EXERCISE OBJECTIVE: Transcribe only the lines in the data below falling between the line with "Angelina Jolie ist" and the line with "Woonkamer met exclusief", including those two lines, and leave out any picture.

SUPPLIED INFORMATION:
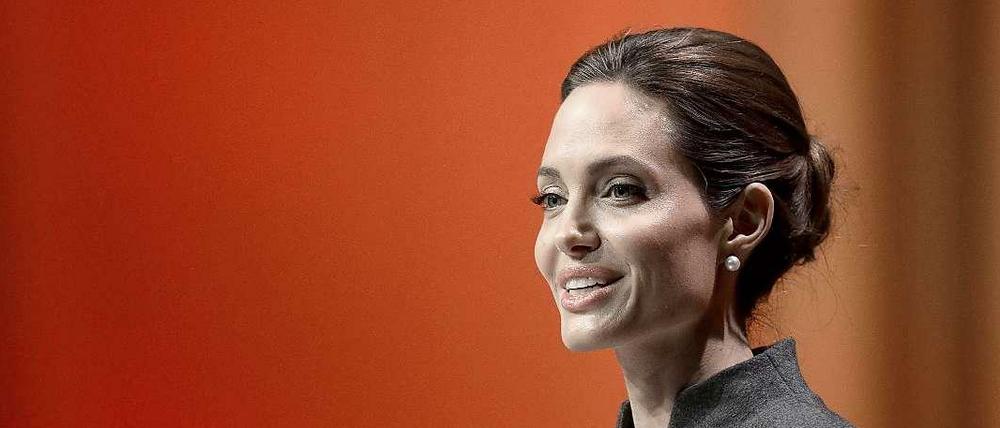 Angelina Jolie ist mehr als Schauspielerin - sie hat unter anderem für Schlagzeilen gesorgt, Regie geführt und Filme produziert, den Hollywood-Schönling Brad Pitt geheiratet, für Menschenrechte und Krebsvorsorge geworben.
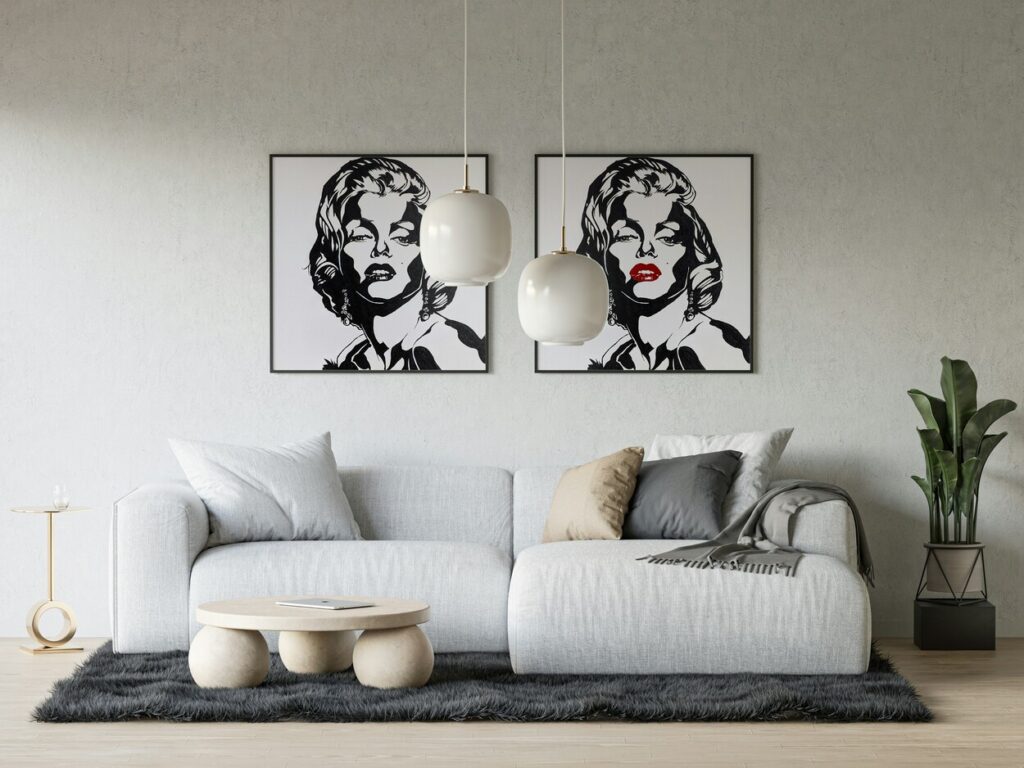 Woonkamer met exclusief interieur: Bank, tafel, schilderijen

--

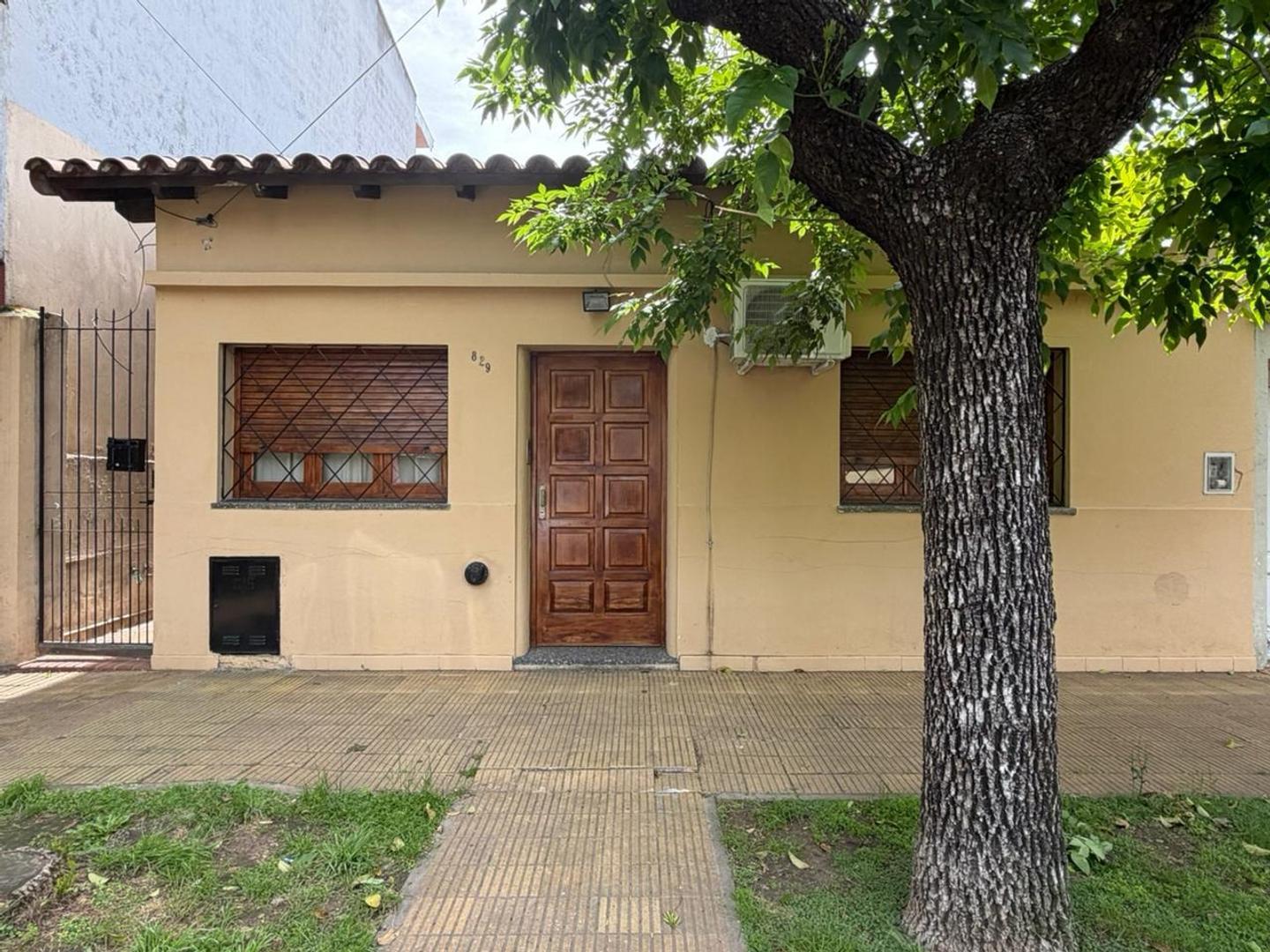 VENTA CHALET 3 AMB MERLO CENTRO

EXERCISE ANSWER:
 Angelina Jolie ist mehr als Schauspielerin - sie hat unter anderem für Schlagzeilen gesorgt, Regie geführt und Filme produziert, den Hollywood-Schönling Brad Pitt geheiratet, für Menschenrechte und Krebsvorsorge geworben.
 Woonkamer met exclusief interieur: Bank, tafel, schilderijen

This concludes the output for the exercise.